The output should be the listing below, limited to the lines from the one with "Mey İthalat® 1004-CS" through the one with "Winning Moves, Schönste", exact and without pictures.

═══ Supplied material ═══

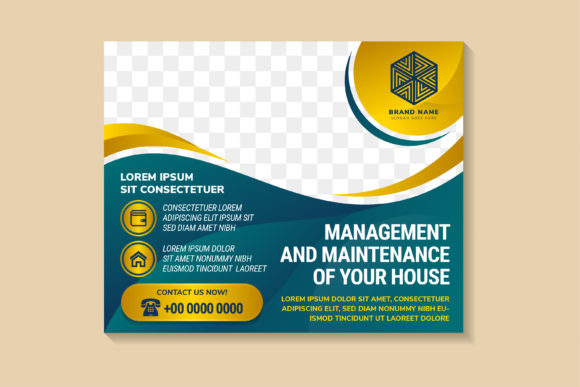 Maintenace of Your House Horizontal Flye Graphics and Print Templates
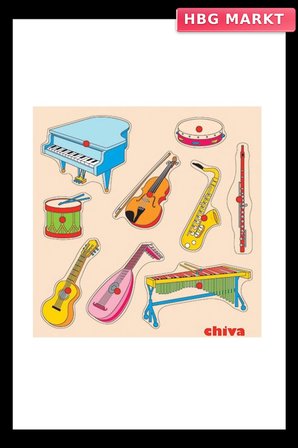 Mey İthalat® 1004-CS Chiva, Müzik Aletleri Ahşap Puzzle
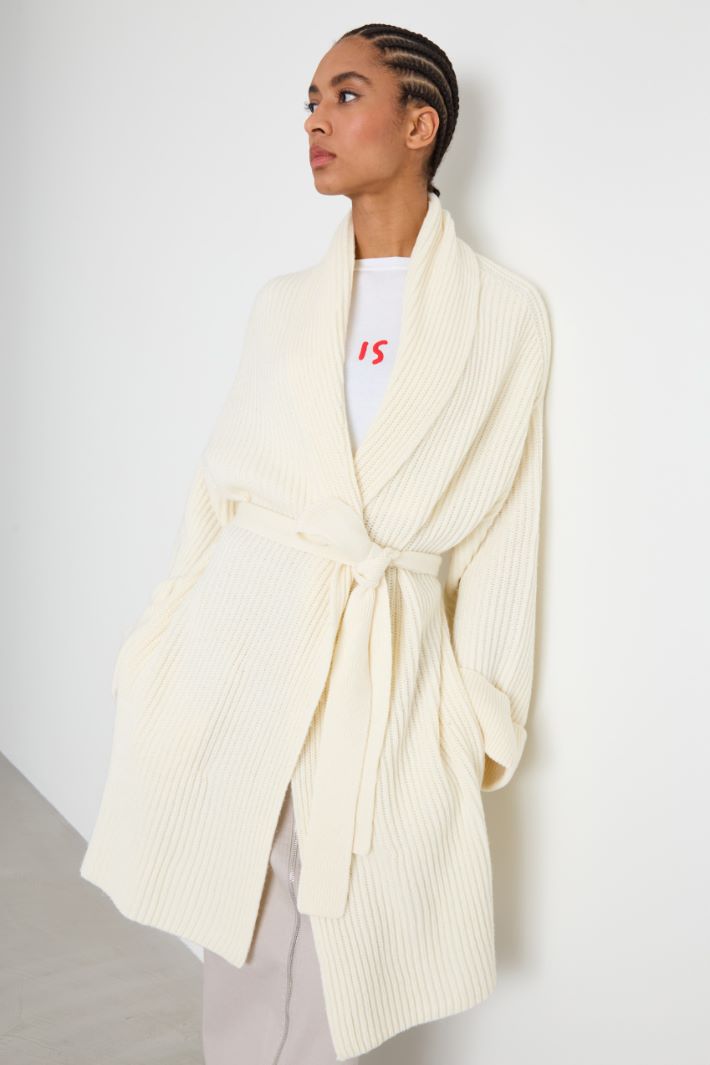 Rib-knit jacket Intrend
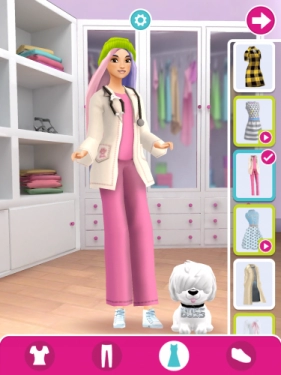 jeu éducatif Barbie Fashion Closet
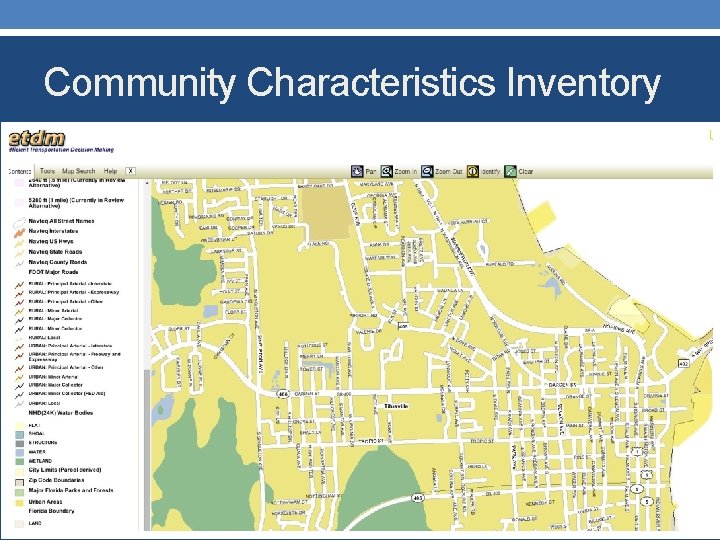 Community Characteristics Inventory 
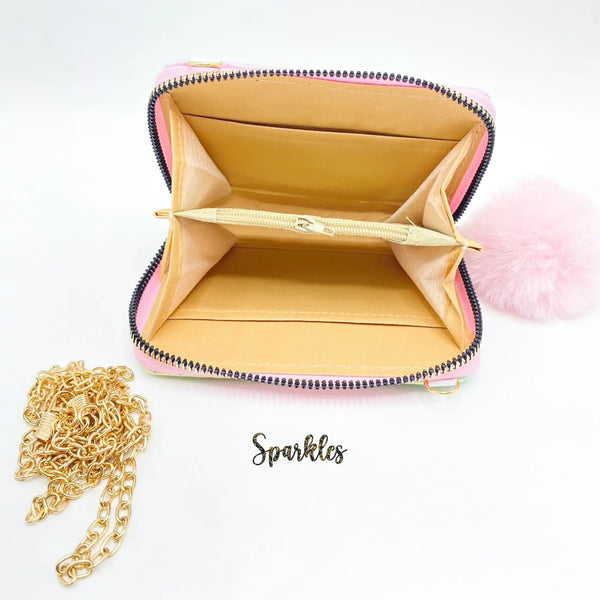 SHINY CANDY-FLOSS WALLET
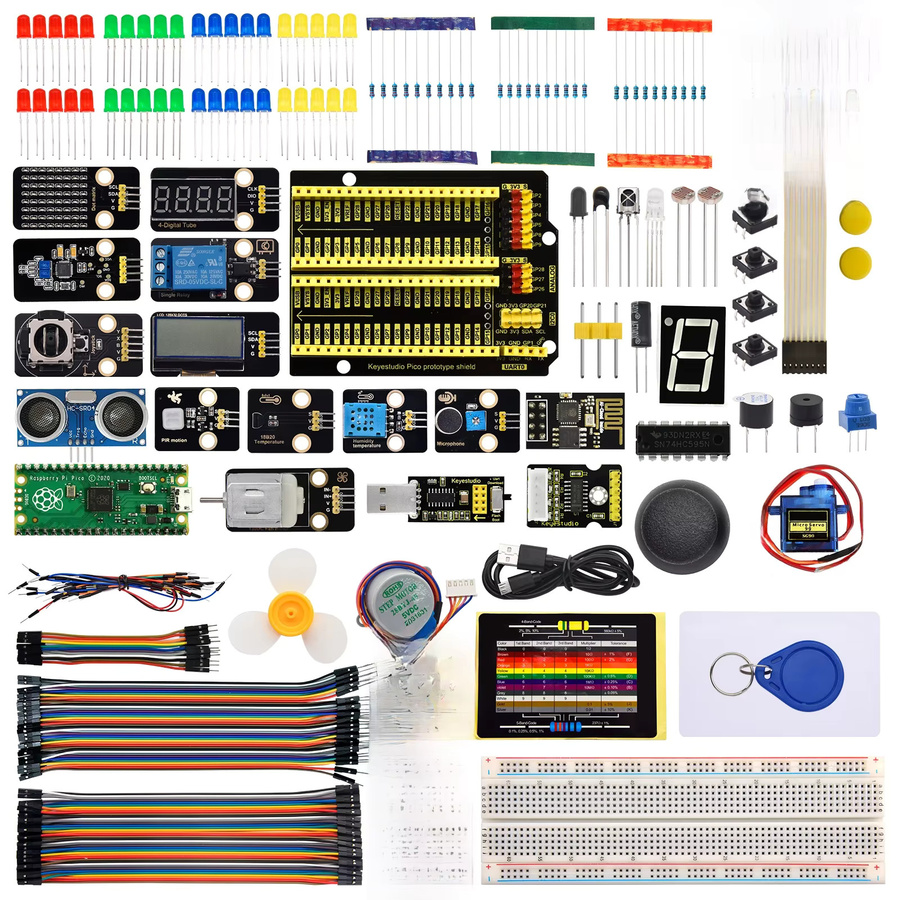 Keyestudio Raspberry Pi Pico Super Starter Kit und Learning Kit Basic Edition in Multicolor mit Unterstützung für MicroPython und Arduino C Language - Bild 4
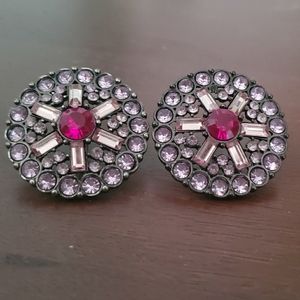Pink and Lilac Post Earrings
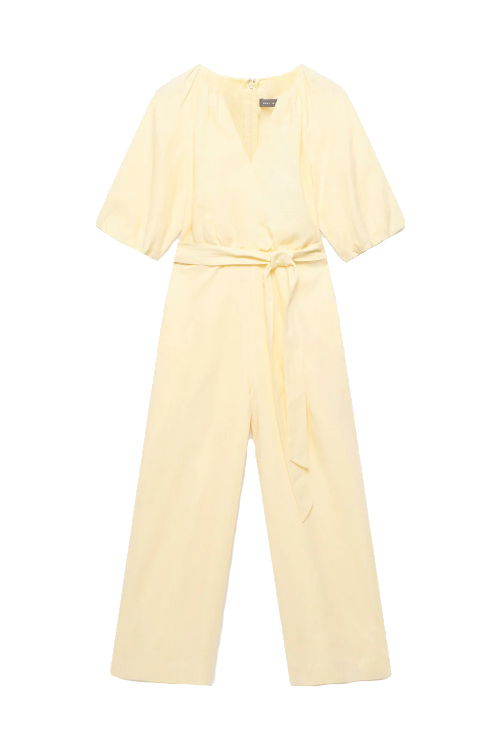 Yellow jumpsuit | what to wear to Chelsea Flower Show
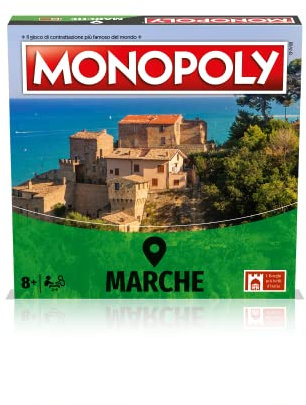 Winning Moves, Schönste Dörfer Italiens Marke Edition, italienische Edition, Familienspiel, ab 8 Jahren +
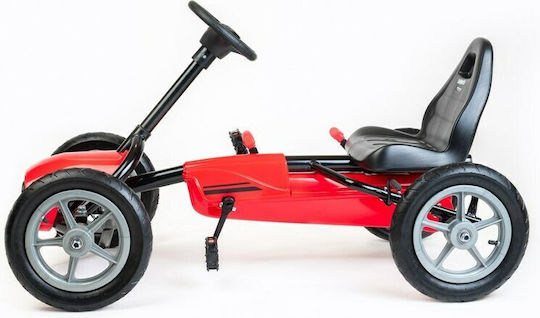 Go Kart Cu Un Loc Cu Pedală Roșu Pentru 8+ Ani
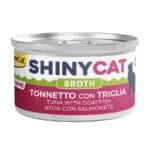 GimCat Shiny Cat Ton Balıklı & Barbun Balıklı Soslu Kedi Konserve Maması 70 Gr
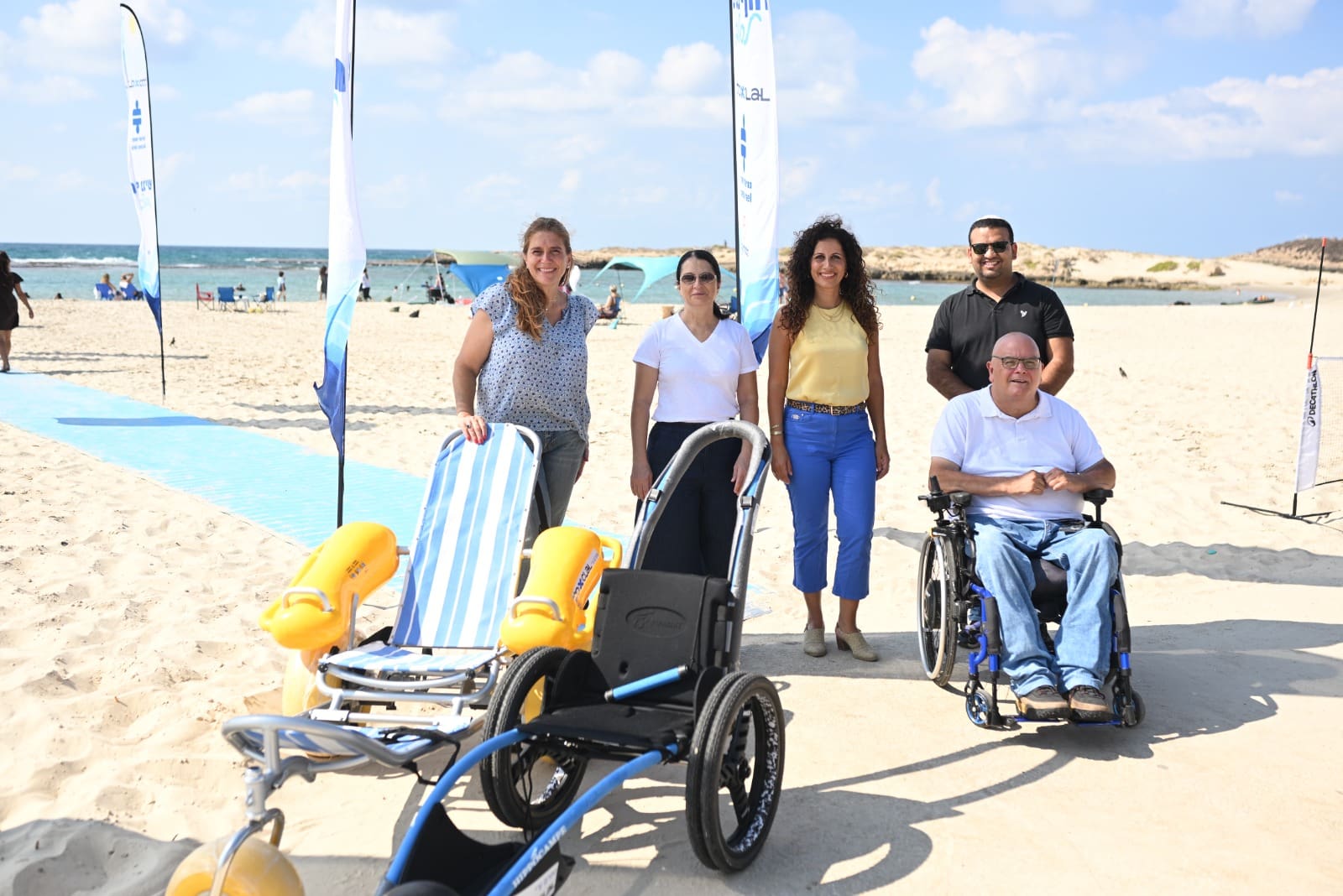 חוף דור הונגש באופן מלא עד הים במיזם לאומי להנגשת חופים 27/9/26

═══

Answer to the problem =>
 Mey İthalat® 1004-CS Chiva, Müzik Aletleri Ahşap Puzzle
 Rib-knit jacket Intrend
 jeu éducatif Barbie Fashion Closet
 Community Characteristics Inventory 
 SHINY CANDY-FLOSS WALLET
 Keyestudio Raspberry Pi Pico Super Starter Kit und Learning Kit Basic Edition in Multicolor mit Unterstützung für MicroPython und Arduino C Language - Bild 4
Pink and Lilac Post Earrings
 Yellow jumpsuit | what to wear to Chelsea Flower Show
 Winning Moves, Schönste Dörfer Italiens Marke Edition, italienische Edition, Familienspiel, ab 8 Jahren +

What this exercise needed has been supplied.